A orillas del Cantábrico, mar y montaña cohabitan. Cuales divas, compiten por mostrar su grandeza a moradores y foráneos formando cuadros espléndidos, pero rara vez se funden, más bien se complementan. Separadas por arenales, roquedales y acantilados, en un eterno velar, nunca se pierden de vista siempre atentas a copar el primer plano. Hasta en los días encapotados y cuando las nieblas difuminan los paisajes con sus velos, ambas dejan sentir su presencia. Sólo la inmensidad del cielo, con sus amaneceres y crepúsculos puede restarles protagonismo pero no eclipsarlas, pues aún caída la noche, luciendo el firmamento todo su esplendor, mar y montaña hacen para dejarse ver.
Pero siendo grande su poderío, no lo es tanto como para decidir cuál será la prima donna en cada temporada. Otros son los actores que les marcan los tempos y, entre ellos, no menor es el papel de los espectadores. Así, en la temporada veraniega en la que nos encontramos, son los nómadas estivales que se allegan al Cantábrico en busca de aires frescos los que deciden las prelaciones. Cierto es que la montaña atrae a muchos, pero basta adentrase un poco desde la costa para sentir sus soledades. Es la mar, con los cantos de sus tentadoras playas, la que acapara mayor atención. Y no es que los trinos y sones de montes y valles pierdan en el estío su voz ni aminoren sus galas, es que, cuando el sol brilla, el astro rey pone su foco en las doradas arenas y cristalinas aguas sublimando los encantos de la mar.

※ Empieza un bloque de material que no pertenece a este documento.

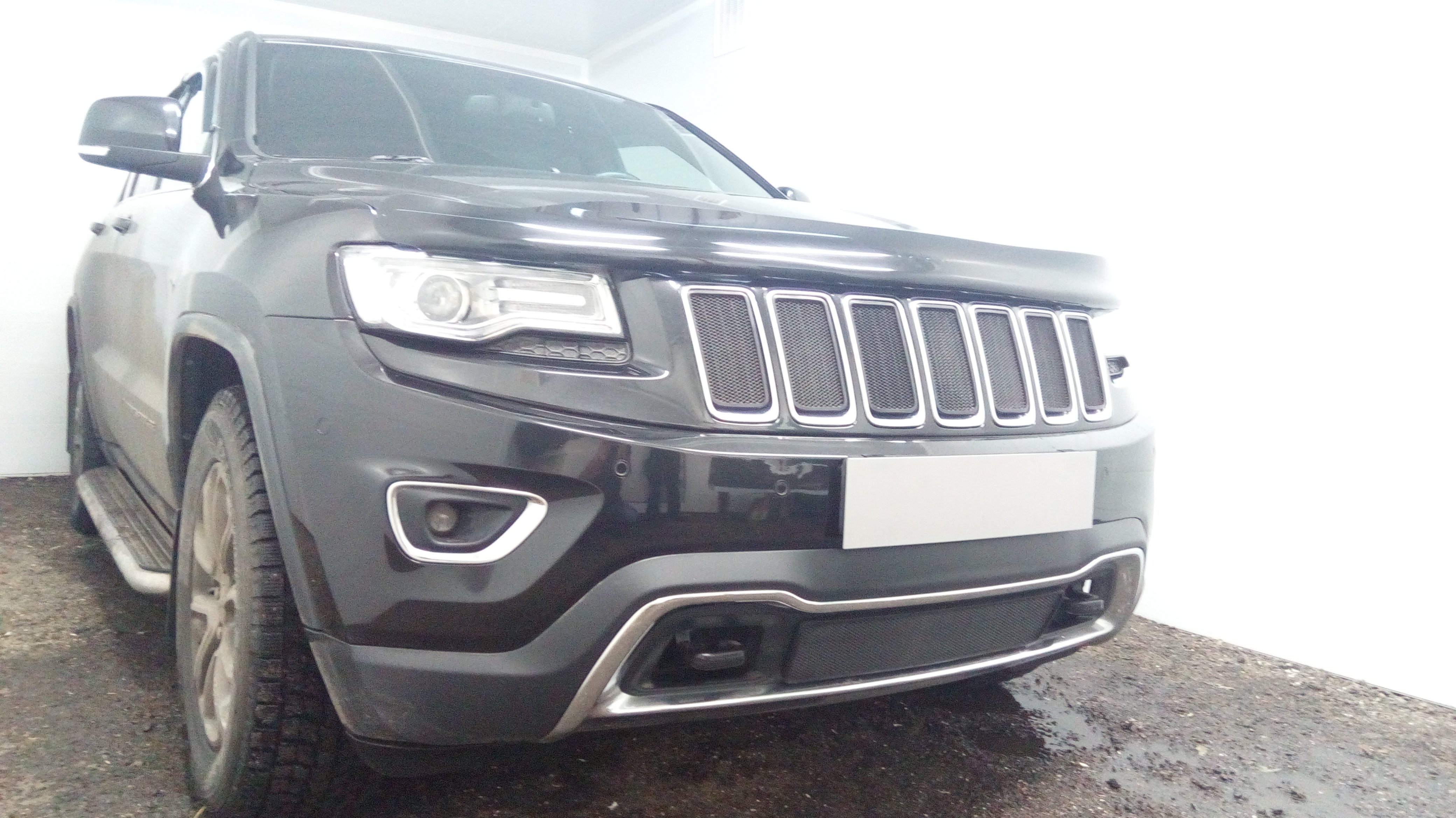 Защитная сетка радиатора низ для Jeep Grand Cherokee IV (WK2) Рестайлинг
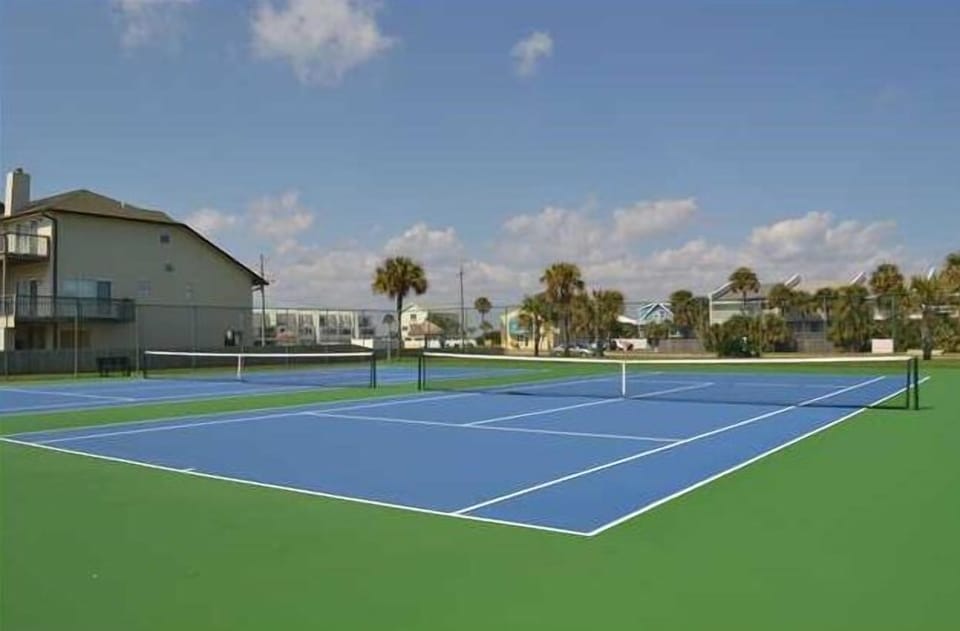  tennis courts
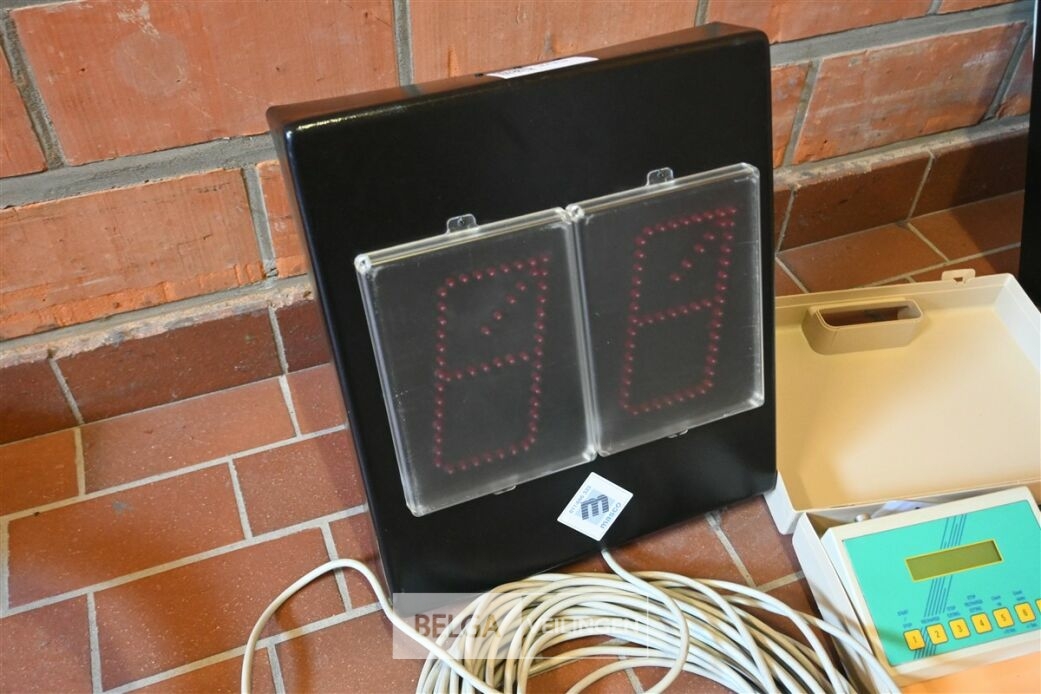Basketbalaccessoires – foto 3 – kavel bij Belga Veilingen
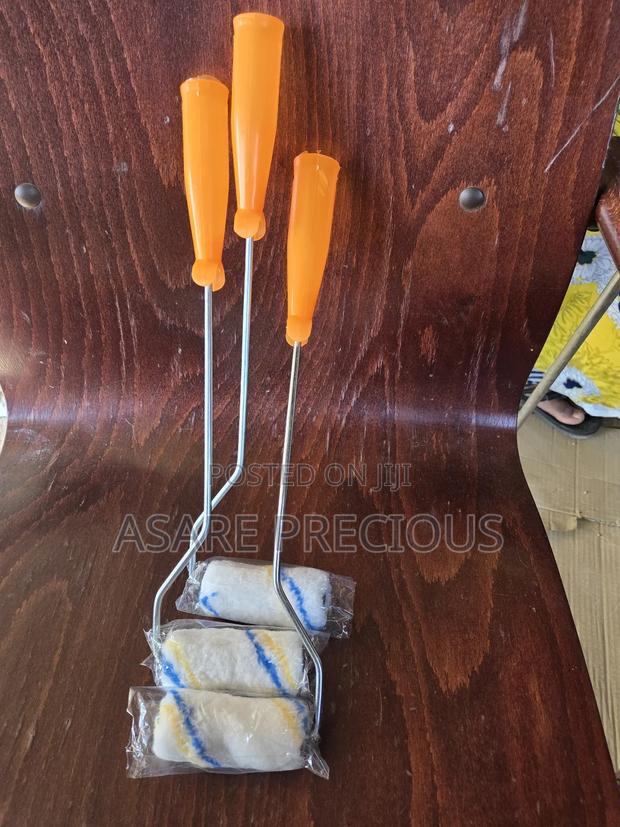 4inc Roller Brush · Photo 2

Terciando el verano, a medida que la luz pierde fuerza, los días se acortan y los nómadas van marchando en retirada, la montaña va recuperando el primer plano. No es que la mar deje de tener días de gloria que los brinda y cuando se dan son magníficos, es más bien que la montaña se hace más presente. Poco a poco, sin previo aviso comienza amudar sus vestidos y entre los mil tonos de verde surgen matices dorados y ocres cuyas avanzadillas, como los maizales, invitan a tornar la mirada de la mar al monte. Pero no contenta con ello, por si algún bañista tardío sigue ensimismado con los cantos de sirenas, la montaña baja a la costa anunciándose con sus voces y sabores.

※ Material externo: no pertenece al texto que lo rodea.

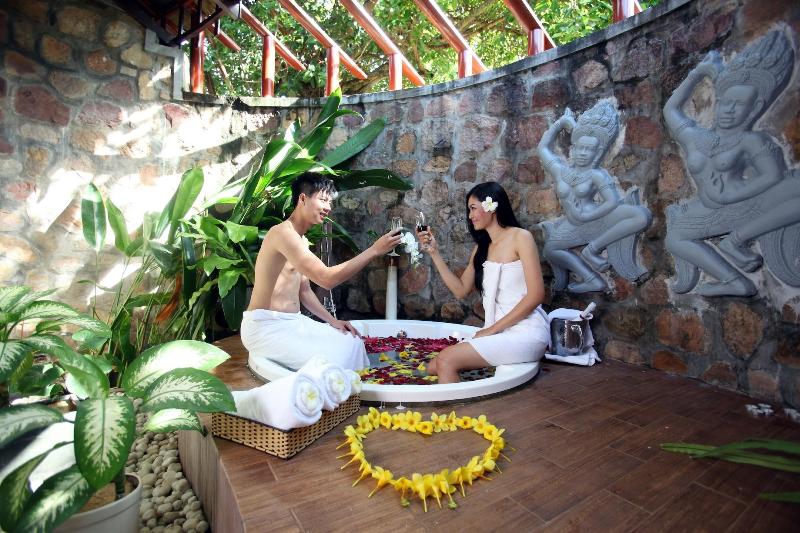 Nataya Roundhouse Coral Bay Resort And Spa image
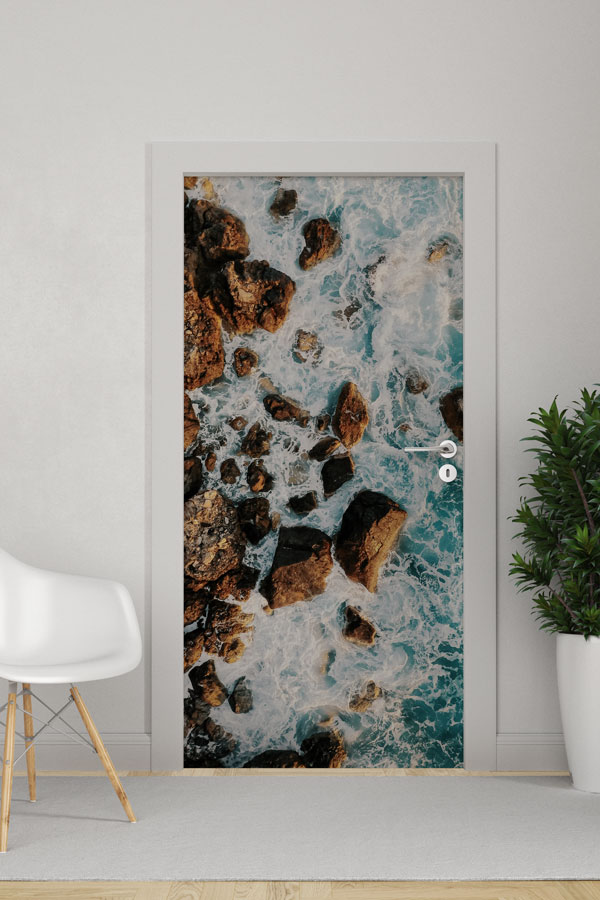 Kayalık Kıyı ve Köpüklü Dalgalar Manzaralı Kapı Giydirme 9487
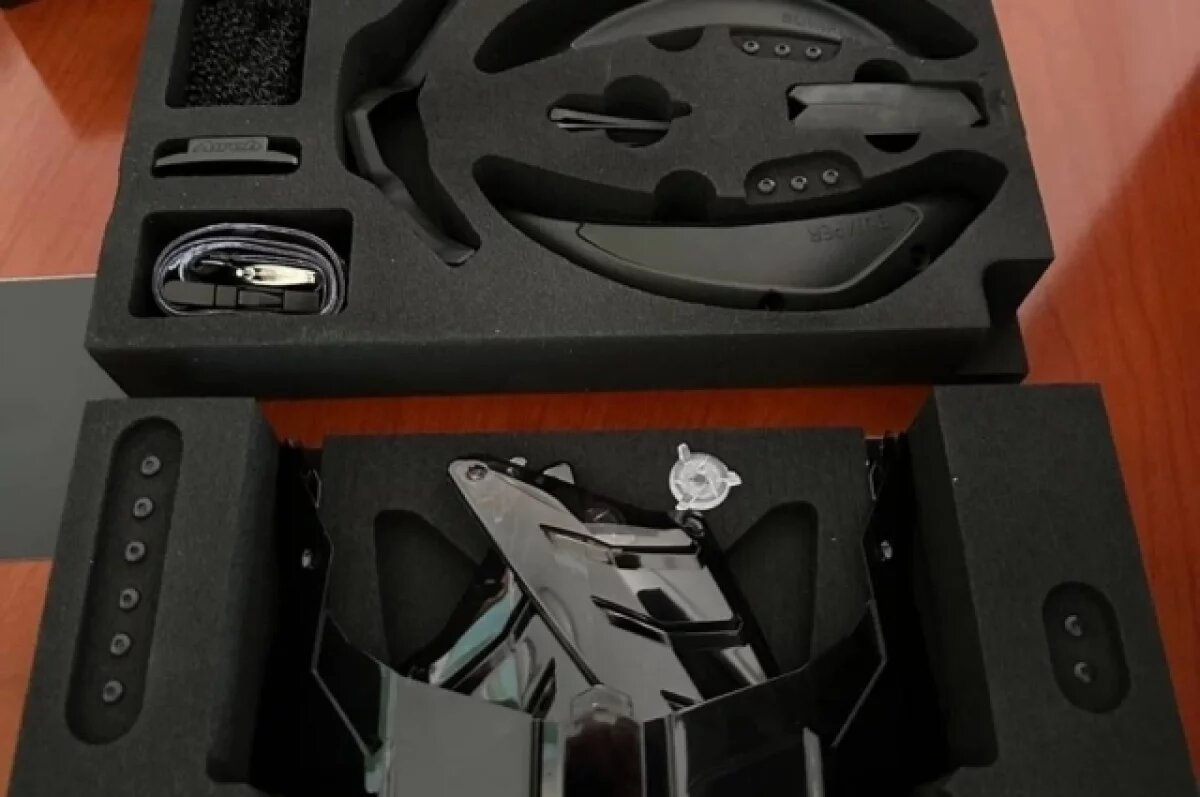    Глава округа на Камчатке ищет мальчишку, которому подарил мотошлем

Si la festividad del Carmen trajo los ecos de la mar y la de la Ascensión marcó su cénit veraniego, a partir de la Natividad de la Virgen a todas las orillas del Cantábrico van arribando los sones de la montaña. A doquier se suceden concursos de perros de pastor, arrastres de bueyes, ferias de ganado y artesanía, subastas de quesos y otras tantas muestras que de sus riquezas nos trae la montaña. Pareciese como si nos quisiese decir que ya falta poco para que, cuando la mar se vuelva fría y distante, ella estará ahí para acogernos con todo su repertorio otoñal. Y así es que, puntual como siempre, a medida que el estío va tocando a su fin, la montaña vuelve a ser la prima donna.